James also survived a subsequent "capture" by his own Nipmuc relations in November 1675, when warriors arrived at Hassanamesit to gather in the corn and to gather in their kin. The Nipmuc leaders were motivated in part by the recent Massachusetts colony order to round up "Praying Indians" and intern them on Deer Island, a deforested, isolated island in Boston Harbor, where many of their relations perished that winter due to exposure and starvation. Yet, even with this looming threat before them, some of the Hassanamesit men retained their ties to Massachusetts, Job Kattenanit escaping to relay the story to Gookin, who reported that his brother Joseph Tupukawillin "and his aged father Naoas," among others, "went away with the enemy with heavy hearts and weeping eyes." 

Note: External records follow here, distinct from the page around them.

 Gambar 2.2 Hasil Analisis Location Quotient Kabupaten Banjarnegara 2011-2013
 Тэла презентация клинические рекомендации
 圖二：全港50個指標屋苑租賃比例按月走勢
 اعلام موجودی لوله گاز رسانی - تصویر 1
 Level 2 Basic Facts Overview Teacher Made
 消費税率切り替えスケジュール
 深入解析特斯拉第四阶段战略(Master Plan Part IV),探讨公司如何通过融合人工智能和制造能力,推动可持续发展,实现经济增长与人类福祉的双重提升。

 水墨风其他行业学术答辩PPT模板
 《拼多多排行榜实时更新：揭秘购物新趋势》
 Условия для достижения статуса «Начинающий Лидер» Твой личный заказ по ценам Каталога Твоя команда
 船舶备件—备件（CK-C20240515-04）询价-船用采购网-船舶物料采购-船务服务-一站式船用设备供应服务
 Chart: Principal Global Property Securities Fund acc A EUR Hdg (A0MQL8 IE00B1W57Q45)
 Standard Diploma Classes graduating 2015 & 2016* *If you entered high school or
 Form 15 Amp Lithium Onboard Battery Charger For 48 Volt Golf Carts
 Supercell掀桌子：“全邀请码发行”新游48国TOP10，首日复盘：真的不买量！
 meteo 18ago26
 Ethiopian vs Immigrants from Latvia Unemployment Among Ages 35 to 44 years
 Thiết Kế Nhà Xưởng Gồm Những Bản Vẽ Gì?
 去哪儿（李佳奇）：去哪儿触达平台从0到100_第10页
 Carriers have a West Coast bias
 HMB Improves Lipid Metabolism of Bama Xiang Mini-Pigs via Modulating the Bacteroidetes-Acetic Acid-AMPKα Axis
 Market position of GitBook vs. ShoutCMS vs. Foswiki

Thus, James Printer and his family were already living among their Nipmuc kin at Menimesit when Mary Rowlandson arrived in February 1675 as a captive, taken in a second raid on her town of Lancaster, which was also led by Monoco. Printer later participated as a scribe in the negotiations that led to Rowlandson's release. Was James Printer a "captive," like Rowlandson? Or a "revolter," akin to Monoco? Or are those labels too simplistic to describe James's complex situation? What did it mean to be a teacher caught up in a whirlwind of war that arrived so suddenly at his door? How could he ensure his survival and that of his family?

[1] Massachusetts Archives: 30: 169. George Madison Bodge, Soldiers in King Philips War: Being a Critical Account of That War (Boston: Rockwell and Churchill, 1906), 104. Josiah Howard Temple, History of North Brookfield, Massachusetts, (Brookfield, MA: North Brookfield, 1887), 77-9.